La discrimination positive
Je n’en fais pas un secret et je le répète dès que j’ai l’occasion: je suis pour une discrimination positive en faveur des femmes. On devrait mettre en place des mesures incitatives à la création d’entreprises (réduction d’impôts(?)). On devrait en plus imposer des parités ou des quotas aussi bien dans les comités de direction, dans les conseils d’administration, dans les gouvernements, au Parlement, etc.
Cela va contribuer à briser le fameux « plafond de verre« , cette barrière invisible qui empêche les femmes d’accéder aux postes à responsabilité.
Je pense que le moyen à utiliser est la force de la loi. En l’absence de contraintes légales fermes, les stratégies de cooptation entre les hommes continueront à se perpétuer et les hommes refuseront le partage du pouvoir avec les femmes.

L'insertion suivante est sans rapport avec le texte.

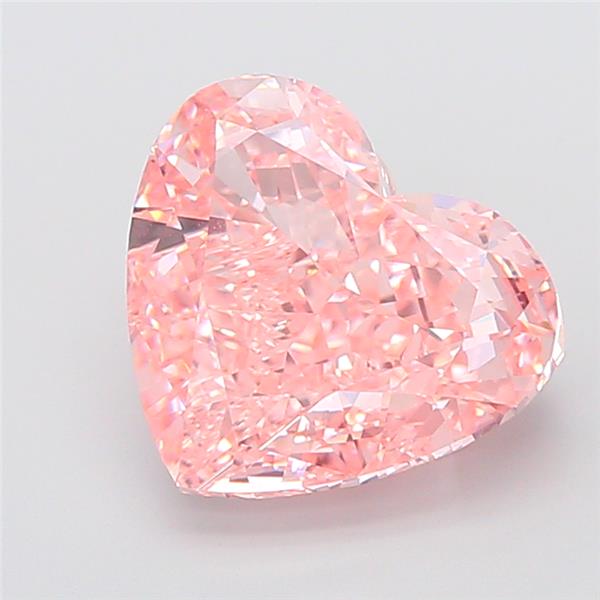7.09 ct. heart Lab Grown Diamond front image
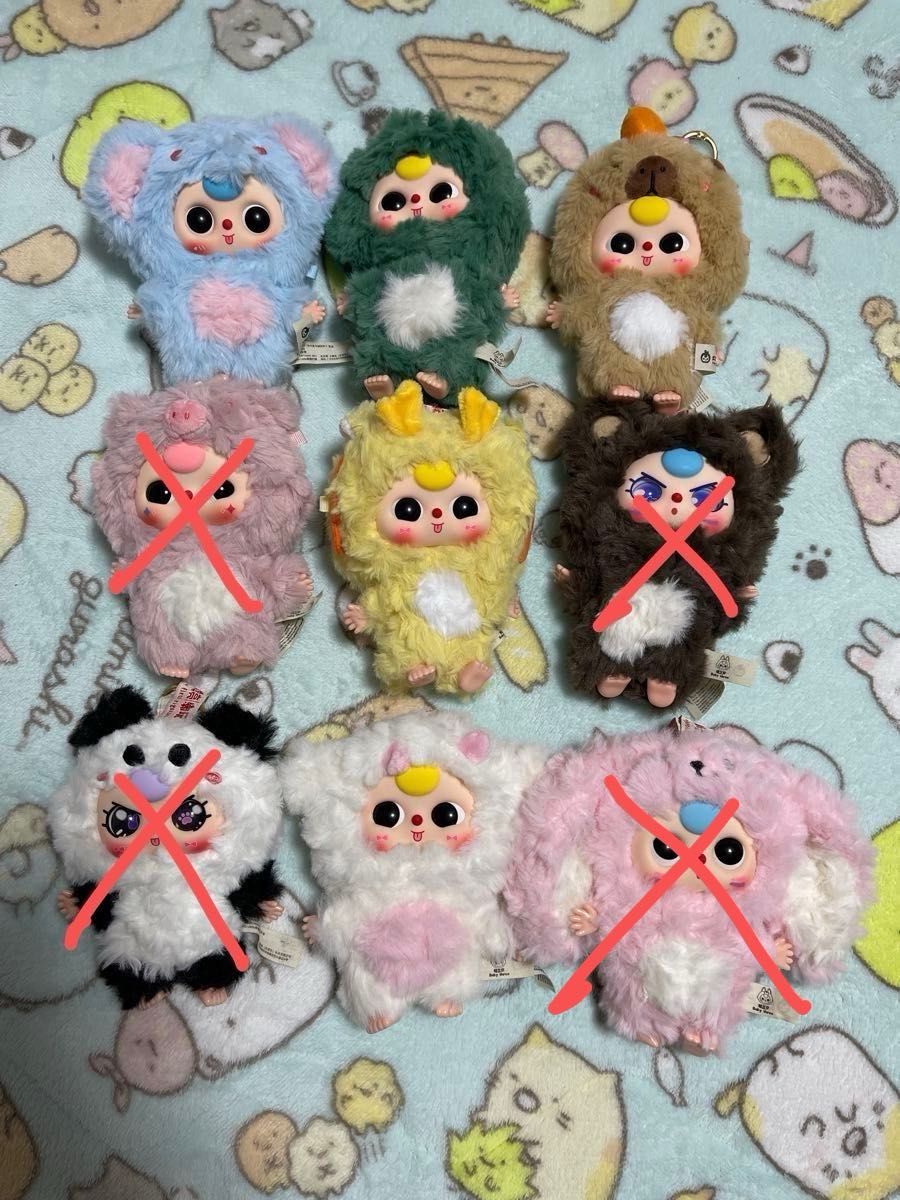 バラ可^ - ^ Baby Three 小可愛 ぬいぐるみ 15センチぐらい 未使用品 5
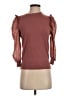 On Twelfth Burgundy Pullover Sweater Size S - photo 1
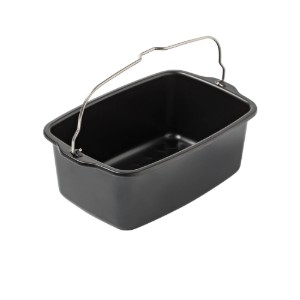 Правоъгълен съд за фритюрник с горещ въздух, стомана, 20 x 13 см - PYREX
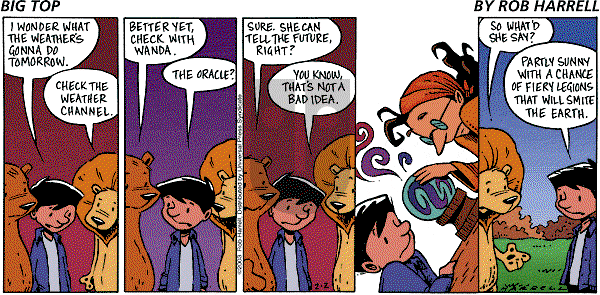 Big Top on Sunday February 2, 2003 Comic Strip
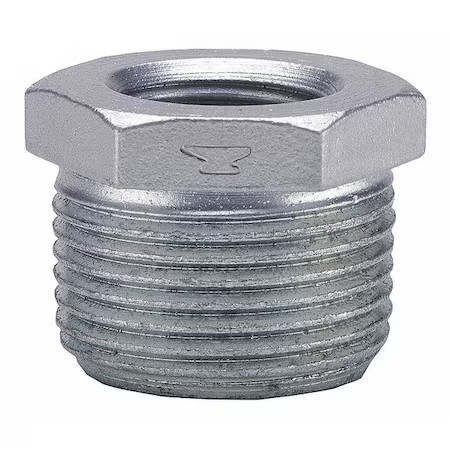 Zoro Select 0819906850 1″ Mnpt X 1/4″ Fnpt Galvanized Hex Bushing, 0819906850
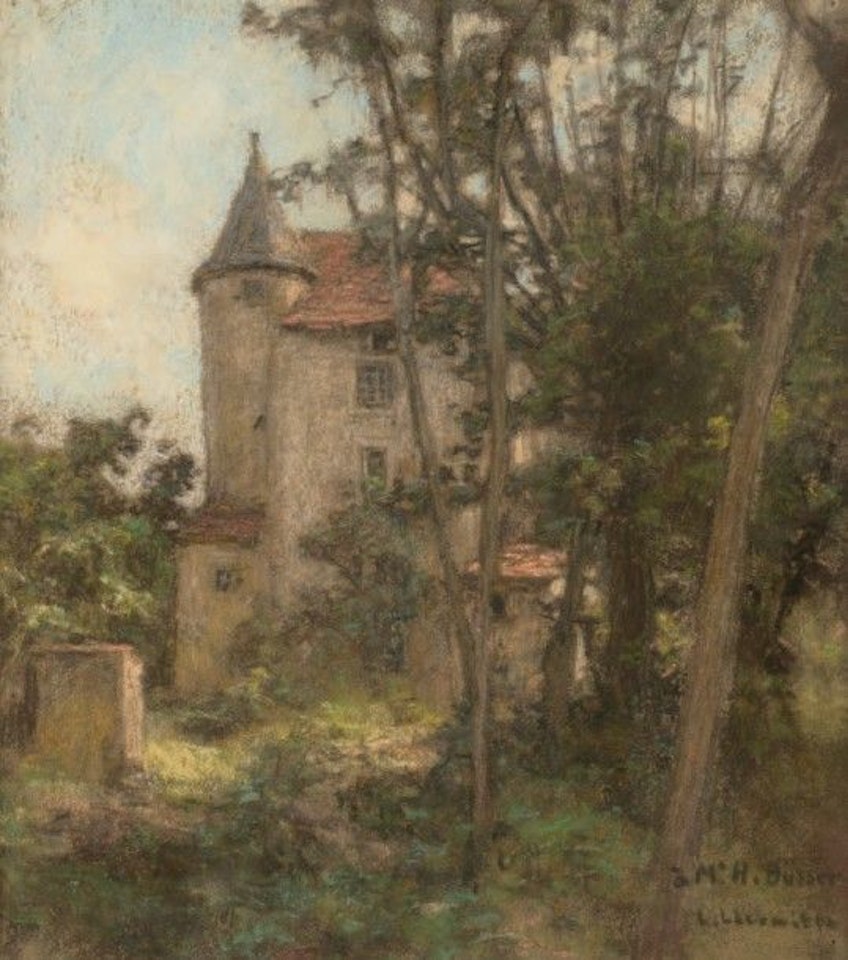 The surroundings of the castle by Léon Augustin Lhermitte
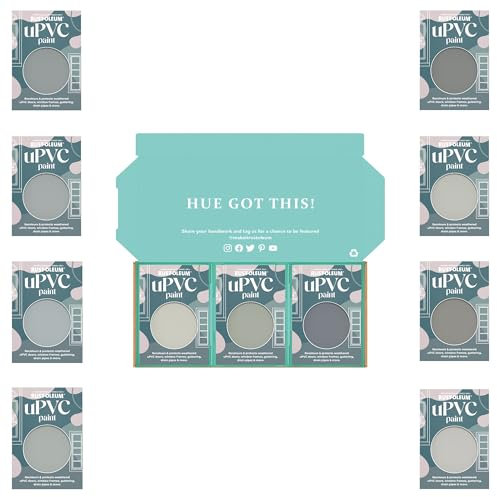Rust-Oleum uPVC Paint in Satin Finish – Dusky Greys Tester Box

Depuis 2003, la Norvège l’a expérimentée avec succès ainsi que le Rwanda en 2005. 15 ans plus tard, au Rwanda les femmes sont 30% dans la fonction publique, 40% au gouvernement, 60% à l’assemblée nationale. Pour mettre en perspective les efforts à fournir en Côte d’Ivoire, les femmes représentent 17% du gouvernement, 11% de l’assemblée nationale, 12% du sénat et 8% des maires.
Mais il y a un hic
Lorsque je recommande d’instaurer une discrimination pour combattre une discrimination, les arguments que je reçois et que j’entends sont : Cela reviendra à traiter les femmes comme inférieures et incapables de s’en sortir par elles-mêmes. Plusieurs pensent qu’au lieu de les aider, cela va contribuer à les dévaloriser et à faire peser sur elles un lourd soupçon que la réussite d’une femme est plus due aux avantages dont lui fait bénéficier son sexe plutôt que ses compétences réelles. Cela véhiculerait l’idée que toutes les femmes qui ont connu le succès ne l’ont pas fait à force de travail, de courage et d’énergie. Elles deviendraient illégitimes car ayant été aidé en devant leur succès à des artifices légaux. Exit le mérite! Il y aurait donc un risque de dévaloriser les nominations de femmes à des postes importants avec en prime cette suspicion sur leurs compétences.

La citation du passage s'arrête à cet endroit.